La cosiddetta legge sul femminicidio e i codici rosa adottati in alcuni ospedali sono un segnale chiaro: le donne che subiscono violenza sono soggetti deboli da tutelare, da guidare, da salvare, da controllare con la proposizione o imposizione di procedure. I centri antiviolenza invece costruiscono i percorsi insieme alle donne e lavorano  per riaffermarne la dignità, l’autodeterminazione, la forza e  i  diritti  e denunciando le cause che sottraggono loro potere e indipendenza. Quando parlo di restituzione di potere alle donne intendo il potere su loro stesse, perché  la strada maestra per aiutare le donne ad uscire dalla violenza è fatta con la restituzione di quel potere che è stato sottratto simbolicamente, culturalmente e alla fine anche nella relazione affettiva.  

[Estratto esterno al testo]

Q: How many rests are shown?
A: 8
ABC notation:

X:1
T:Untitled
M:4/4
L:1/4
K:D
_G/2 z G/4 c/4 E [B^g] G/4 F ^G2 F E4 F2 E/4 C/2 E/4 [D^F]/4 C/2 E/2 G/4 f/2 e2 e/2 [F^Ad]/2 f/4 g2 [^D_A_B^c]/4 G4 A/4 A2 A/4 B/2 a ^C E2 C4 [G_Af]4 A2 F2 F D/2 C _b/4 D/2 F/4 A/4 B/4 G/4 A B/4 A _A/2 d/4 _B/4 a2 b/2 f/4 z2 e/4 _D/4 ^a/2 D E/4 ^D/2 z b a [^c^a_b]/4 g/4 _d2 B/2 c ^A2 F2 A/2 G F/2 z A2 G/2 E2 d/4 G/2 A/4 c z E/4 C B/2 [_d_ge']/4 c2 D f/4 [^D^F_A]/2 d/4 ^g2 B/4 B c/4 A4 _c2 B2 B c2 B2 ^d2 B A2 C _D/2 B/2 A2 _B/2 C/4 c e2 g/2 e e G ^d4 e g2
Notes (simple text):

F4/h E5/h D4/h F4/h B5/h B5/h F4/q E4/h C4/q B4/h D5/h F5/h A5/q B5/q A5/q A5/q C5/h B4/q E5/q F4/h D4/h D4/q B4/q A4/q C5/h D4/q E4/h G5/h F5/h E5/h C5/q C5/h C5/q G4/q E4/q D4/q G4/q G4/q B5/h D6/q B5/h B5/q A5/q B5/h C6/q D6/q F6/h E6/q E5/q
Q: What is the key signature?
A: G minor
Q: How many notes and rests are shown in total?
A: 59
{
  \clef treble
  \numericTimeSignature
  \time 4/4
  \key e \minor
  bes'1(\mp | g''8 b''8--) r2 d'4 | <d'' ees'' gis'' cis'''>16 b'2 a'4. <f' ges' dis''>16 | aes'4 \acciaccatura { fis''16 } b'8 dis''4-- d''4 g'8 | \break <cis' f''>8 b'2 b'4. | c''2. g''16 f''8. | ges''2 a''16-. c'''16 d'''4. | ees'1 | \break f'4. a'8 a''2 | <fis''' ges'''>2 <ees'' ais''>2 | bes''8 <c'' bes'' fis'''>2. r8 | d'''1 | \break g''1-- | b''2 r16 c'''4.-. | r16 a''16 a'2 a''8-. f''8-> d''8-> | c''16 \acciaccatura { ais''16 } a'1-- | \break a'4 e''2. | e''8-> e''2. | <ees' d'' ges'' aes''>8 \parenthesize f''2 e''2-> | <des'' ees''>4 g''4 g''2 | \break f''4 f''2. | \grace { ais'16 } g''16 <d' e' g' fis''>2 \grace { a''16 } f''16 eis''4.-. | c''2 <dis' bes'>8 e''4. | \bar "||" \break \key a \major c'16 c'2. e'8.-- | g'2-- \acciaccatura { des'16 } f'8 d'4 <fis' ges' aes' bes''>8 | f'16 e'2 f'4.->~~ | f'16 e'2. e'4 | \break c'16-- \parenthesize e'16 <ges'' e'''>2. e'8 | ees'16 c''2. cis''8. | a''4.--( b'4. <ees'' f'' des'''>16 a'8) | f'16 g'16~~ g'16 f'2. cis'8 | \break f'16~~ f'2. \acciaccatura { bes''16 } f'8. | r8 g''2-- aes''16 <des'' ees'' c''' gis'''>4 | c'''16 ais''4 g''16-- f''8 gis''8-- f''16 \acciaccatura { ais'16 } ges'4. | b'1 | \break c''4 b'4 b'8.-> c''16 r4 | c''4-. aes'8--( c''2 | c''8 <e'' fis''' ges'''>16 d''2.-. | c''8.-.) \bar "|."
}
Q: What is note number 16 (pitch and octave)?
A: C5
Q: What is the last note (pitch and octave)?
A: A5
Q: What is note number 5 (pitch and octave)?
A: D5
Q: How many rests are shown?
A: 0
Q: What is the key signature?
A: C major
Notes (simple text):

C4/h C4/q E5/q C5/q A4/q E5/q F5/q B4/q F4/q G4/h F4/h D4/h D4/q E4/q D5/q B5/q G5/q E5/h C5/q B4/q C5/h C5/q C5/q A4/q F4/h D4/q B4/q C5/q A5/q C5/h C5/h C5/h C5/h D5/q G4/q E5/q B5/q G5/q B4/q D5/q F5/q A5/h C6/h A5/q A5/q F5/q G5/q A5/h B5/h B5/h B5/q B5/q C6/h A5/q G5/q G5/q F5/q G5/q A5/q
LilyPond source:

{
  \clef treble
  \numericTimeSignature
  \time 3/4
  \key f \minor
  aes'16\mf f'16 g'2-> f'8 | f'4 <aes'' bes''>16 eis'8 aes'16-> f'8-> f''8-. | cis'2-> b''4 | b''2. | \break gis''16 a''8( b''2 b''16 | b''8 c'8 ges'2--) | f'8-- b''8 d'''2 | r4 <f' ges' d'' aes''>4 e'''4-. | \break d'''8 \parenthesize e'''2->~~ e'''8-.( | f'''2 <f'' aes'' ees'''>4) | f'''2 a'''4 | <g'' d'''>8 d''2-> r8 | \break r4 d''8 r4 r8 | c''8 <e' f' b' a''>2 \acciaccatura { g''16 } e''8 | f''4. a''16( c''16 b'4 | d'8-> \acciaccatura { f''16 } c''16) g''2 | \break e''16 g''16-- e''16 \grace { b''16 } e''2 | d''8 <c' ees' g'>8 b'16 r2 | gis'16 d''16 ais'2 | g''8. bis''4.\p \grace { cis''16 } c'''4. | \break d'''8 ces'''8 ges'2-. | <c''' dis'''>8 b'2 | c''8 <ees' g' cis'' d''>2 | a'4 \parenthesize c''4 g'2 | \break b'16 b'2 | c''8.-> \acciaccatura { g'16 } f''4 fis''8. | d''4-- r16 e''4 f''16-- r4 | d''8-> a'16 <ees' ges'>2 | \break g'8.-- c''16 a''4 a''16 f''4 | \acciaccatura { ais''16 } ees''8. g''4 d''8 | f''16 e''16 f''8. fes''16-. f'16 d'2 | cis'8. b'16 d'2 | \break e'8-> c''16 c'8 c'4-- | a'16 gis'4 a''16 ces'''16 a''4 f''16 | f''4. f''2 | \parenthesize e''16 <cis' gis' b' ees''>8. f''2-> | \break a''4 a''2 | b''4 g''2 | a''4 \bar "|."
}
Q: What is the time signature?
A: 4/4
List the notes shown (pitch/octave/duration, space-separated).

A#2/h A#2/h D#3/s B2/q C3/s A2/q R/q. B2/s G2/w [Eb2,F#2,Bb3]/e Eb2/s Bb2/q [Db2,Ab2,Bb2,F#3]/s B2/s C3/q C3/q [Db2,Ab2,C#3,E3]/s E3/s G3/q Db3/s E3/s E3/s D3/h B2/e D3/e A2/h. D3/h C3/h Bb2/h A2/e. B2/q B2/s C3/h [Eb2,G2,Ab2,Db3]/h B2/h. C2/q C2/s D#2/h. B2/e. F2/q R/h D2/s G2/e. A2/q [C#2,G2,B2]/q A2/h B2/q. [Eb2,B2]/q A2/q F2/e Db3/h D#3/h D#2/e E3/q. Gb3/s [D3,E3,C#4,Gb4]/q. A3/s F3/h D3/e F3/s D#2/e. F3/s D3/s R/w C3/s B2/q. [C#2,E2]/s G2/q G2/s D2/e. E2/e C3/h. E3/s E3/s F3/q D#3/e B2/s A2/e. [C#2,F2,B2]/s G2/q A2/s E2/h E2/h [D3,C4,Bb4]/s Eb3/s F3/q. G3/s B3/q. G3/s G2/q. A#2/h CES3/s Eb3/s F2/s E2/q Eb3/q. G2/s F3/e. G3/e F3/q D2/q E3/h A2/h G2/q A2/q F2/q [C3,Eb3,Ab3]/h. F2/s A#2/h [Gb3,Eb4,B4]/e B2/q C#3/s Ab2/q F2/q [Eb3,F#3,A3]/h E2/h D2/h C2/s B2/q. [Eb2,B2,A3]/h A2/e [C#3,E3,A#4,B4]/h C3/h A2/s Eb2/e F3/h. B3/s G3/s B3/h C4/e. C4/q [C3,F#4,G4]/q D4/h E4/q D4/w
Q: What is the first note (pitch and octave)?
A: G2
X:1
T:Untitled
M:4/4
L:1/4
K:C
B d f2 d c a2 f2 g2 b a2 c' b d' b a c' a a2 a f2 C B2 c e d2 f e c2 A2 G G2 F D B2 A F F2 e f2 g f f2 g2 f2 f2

Ma la ripartizione dei fondi è tesa anche a sostenere  un associazionismo gradito ai partiti di governo, piuttosto che quello di donne libere ed indipendenti che ricordano carenze  e lacune della politica italiana nel contrasto della violenza contro le donne; che rimarcano le procedure istituzionali che causano alle donne vittimizzazione secondaria; che esigono risposte che le istituzioni non vogliono dare. Perché tra centri antiviolenza e istituzioni è in atto da sempre una  partita dove “io so che tu sai che io so” che non siamo affatto amici.  Perché noi chiediamo che le donne si sottraggano alla violenza e contrastiamo la cultura che la alimenta e la  mantiene  in vita e troppo spesso l’ istituzione invece di essere garante di diritti è intrisa in quella cultura fin nel midollo. Noi siamo le antagoniste delle istituzioni e  in un Paese conservatore e patriarcale come l’Italia non possiamo e forse non dobbiamo, se facciamo bene il nostro lavoro, avere vita facile.

Però ora basta. Ci siamo fatte prendere in giro abbastanza. Ci hanno preso in giro anche lo scorso autunno quando ci hanno chiamate a Roma per sedere ai tavoli interministeriali. Sono stati interrotti senza alcuna spiegazione. E’ questo il rispetto che i politici hanno del nostro tempo e del poco denaro dei nostri centri, quello che abbiamo speso per andare agli incontri finalizzati anche a rinnovare il Piano Nazionale contro la violenza alle donne. Scaduto nel novembre 2013 non è stato ancora rinnovato.

Non possiamo e non dobbiamo più permettere che ci prendano in giro. Dobbiamo dare un segnale a partire dalla restituzione di quei tremila euro annui: il centro antiviolenza Demetra Donne in aiuto se e quando li riceverà, farà un assegno e lo restituirà al mittente

Abbiamo due scelte davanti a noi: una è quella di riconsegnare alle istituzioni  i servizi a sostegno delle donne lasciando loro tutto il  peso e la  responsabilità ma controllando che la loro metodologia e i loro interventi non vìolino i diritti delle donne e non producano vittimizzazione secondaria. Abbiamo fior di esperte e avvocate per poterlo fare.

Oppure possiamo essere autonome rispetto ai finanziamenti pubblici.

Nella Bassa Romagna stiamo per aprire la Casa Rifugio senza un euro di finanziamento pubblico. Quanto le istituzioni locali rispetteranno la Convenzione di Istanbul che sarà attiva dal 1° agosto e quanto riconosceranno il lavoro che il nostro centro svolge da dieci anni sul territorio? Lo verificheremo molto presto.